Now that I got your attention, let’s talk about pathological racism. It’s rooted in thoughts so deeply ingrained in our psyches that sometimes we don’t realize it until we’re confronted by a trigger that throws us off our equilibrium. That seems to be the case with Jen Caron, a woman who wrote a piece for XO Jane entitled, It Happened To Me: There Are No Black People In My Yoga Classes And I’m Suddenly Feeling Uncomfortable With It

The piece was Caron’s attempt at acknowledging her privilege as a “skinny white girl” and how she had been so self-absorbed that the thought of true all-inclusivity hadn’t occurred to her until a “fairly heavy” Black woman appeared in her yoga class–something that according to Caron happens almost never–and sat down behind her.

She writes:

It appeared she had never set foot in a yoga studio—she was glancing around anxiously, adjusting her clothes, looking wide-eyed and nervous. Within the first few minutes of gentle warm-up stretches, I saw the fear in her eyes snowball, turning into panic and then despair. Before we made it into our first downward dog, she had crouched down on her elbows and knees, head lowered close to the ground, trapped and vulnerable. She stayed there, staring, for the rest of the class.

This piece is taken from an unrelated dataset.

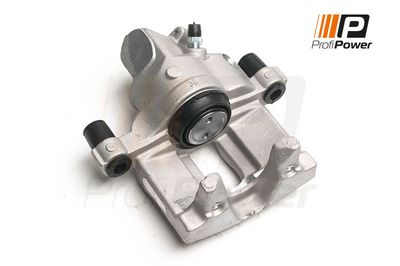 Brzdový strmeň ProfiPower 4B2459L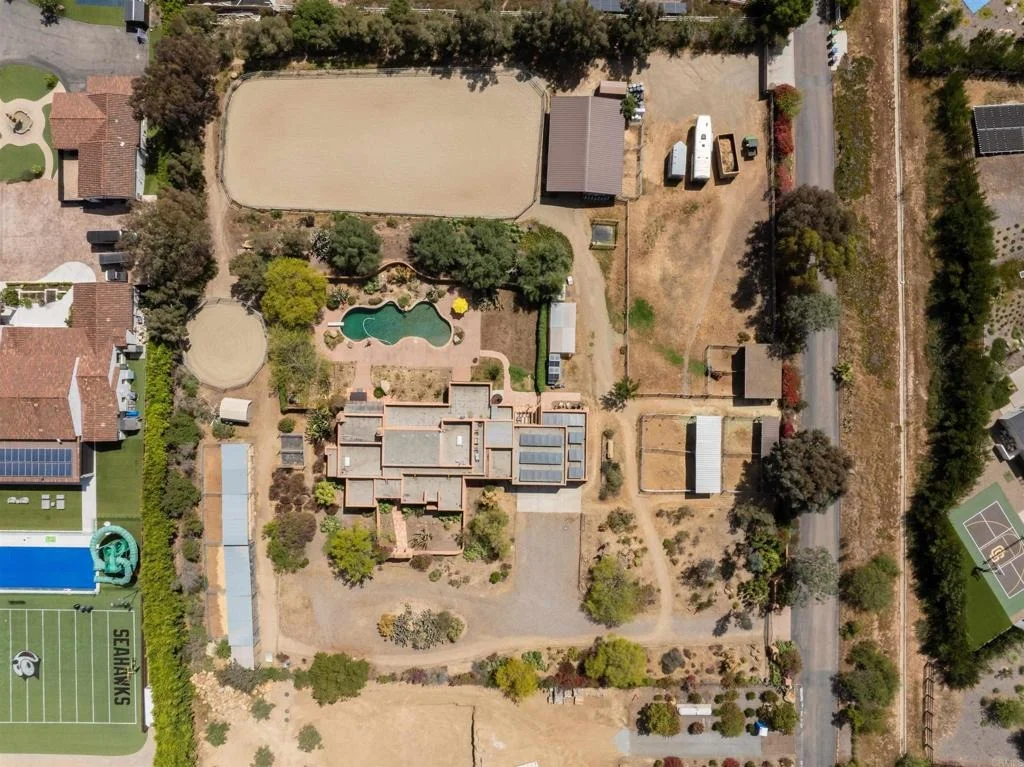 Photo of 16761 Artesian Breeze Way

The writer continues explaining that she “had no choice” but to look at the woman every time her head was upside down (Side note: If you’re truly involved in your practice, you’re not thinking about the next person). She has seen people freeze in class before but it was impossible for her to stop thinking about this particular woman. Eventually, the Big Black Woman began staring at Caron, and her frustrated despair and resentment was now allegedly directed toward she and her “skinny white body” (Another side note: Big Black Woman probably wondered what the hell this weird White girl was looking at).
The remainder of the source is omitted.